The Ocean project works with school children from 9-11 years old. Classes produce a 13-20 minutes' radio programme with music mix every day. Because of hypermedia technology, it is possible today to perform quality editing of a radio programme -- all sound cuts are digital. Artistry, of course, will depend on the ability of the children and of the guidance given by their monitor. The project has shown that the children, knowing they are 'on the air' with an audience listening, make an effort to structure their narration and to express themselves clearly. Thus it is also an exercise in written and oral presentation, and in this way one pedagogical objective is achieved.
Great enthusiasm and originality
The children have generally participated with great enthusiasm and originality. Like any project which is based on free expression it demands great investment (patience and time!) from the teacher, but the results often recoup well the effort invested.
Experiments in 1996-97 showed that children from 9-10 years were able to make a ten-minutes quality programme during a two and a half hours' work session. The children are completely autonomous in the use of the technology and the teacher/educator follows up as needed.
Pascal Jablonka
Responsible for Educational Informatics
Institut Universitaire Formation des Maitres (IUFM)
10, Rue Molitor
75016 Paris, FRANCE
E-mail: jablonka@paris.iufm.fr
Note
I. Presentation of the project at the International Forum of Researchers. Youth and Media -- Tomorrow, April 21-25, 1997, in Paris, France, organised by GRREM (Group de Recherche sur la Relation Enfants/Medias), as related in Carlos A. Arnaldo and Helle Jensen, Helping Young People Learn Media: a preliminary compilation of best practices, Paris: UNESCO, 1997, p, 16.
Introducing Children to Journalism and Media, Argentina [1]

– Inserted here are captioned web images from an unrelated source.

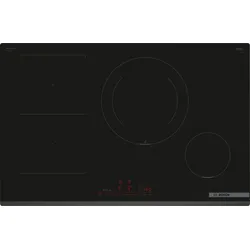 Bosch Induktionskochfeld, autark PVS831HC1E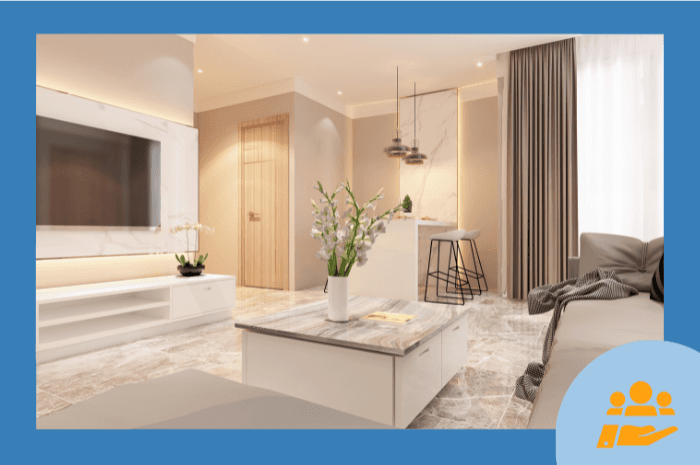 Image vedette de l'article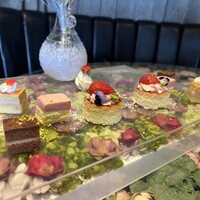 ザ・レギャン・トーキョー - 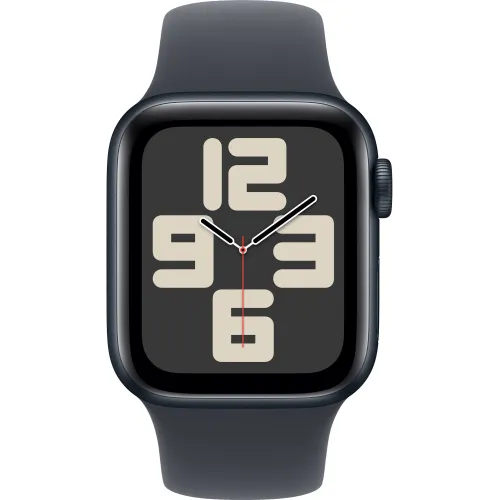 Apple Watch SE 2 2024 44 mm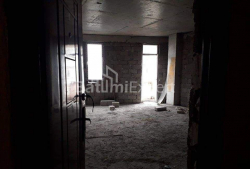Mieszkanie 69 m² - Michaił Lermontow, Batumi, Gruzja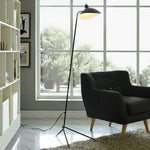 mouille-floor-lamp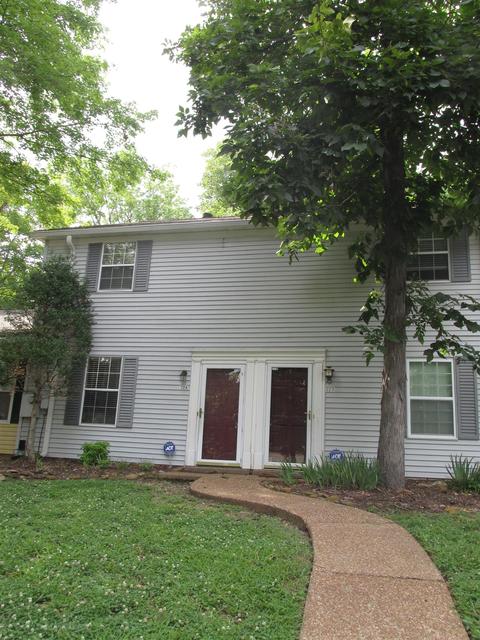 1053 Arlene Dr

This project is managed by a media specialist working through public schools in the region of Buenos Aires, interested in or wishing to offer media education for children and young people by facilitating their access to work with and reflect upon media. The project favours especially less well endowed schools in difficult and poor areas. When all these schools have been covered by courses and media exercises, the project will be ready to service other schools, including private sector schools, and in other regions.
The objective is to introduce a new media pedagogy in the public schools and thus create an atmosphere of curiosity, participation, and passion for knowledge, all with the possibility of expression through various media -- photography, newspapers, radio programmes, video and television. The project thus seeks to teach children that participation is possible, that nobody is unreachable even though it seems that they are far away, that their voices are worth listening to and thinking about.
The Co-ordination Centre works closely together with The General Directorate of Education of The City Council of Buenos Aires under the Secretary of Education. This co-operation has made it possible for the Centre to operate in 200 public schools in The Federal Capital of Buenos Aires, reaching in 1995 4,622 school children working on media projects.
Using media in learning situations
The Centre makes use of an important pedagogical innovation: a drastic change from the traditional pedagogical model to one based on student initiative and hands-on output. The Centre insists that the school as a social institution in today's information society needs to rethink it's role but at the same time recognises that the school provides a fundamental space for the development and education of the individual. The project attempts to meet that need by a process that introduces media in learning situations.
To do this, the project invites teachers and librarians to workshops to learn the production of graphic material, radio or audiovisual material and how to use these as a support or as a 'dynamiser' in the process of learning. The workshops concentrate on planning, communication, investigation, reflection upon the practice and the functions and the tools of each media. Afterwards each participant forms a group with pupils in his/her school. The workshop in the school makes it possible for the pupils to 'experience' journalism and media and to participate in working processes such as media criticism, finding sources, debates, selection of materials and the final editing of the broadcast. The workshop model and the media production thus creates active participation and a gratifying interaction between teachers and pupils.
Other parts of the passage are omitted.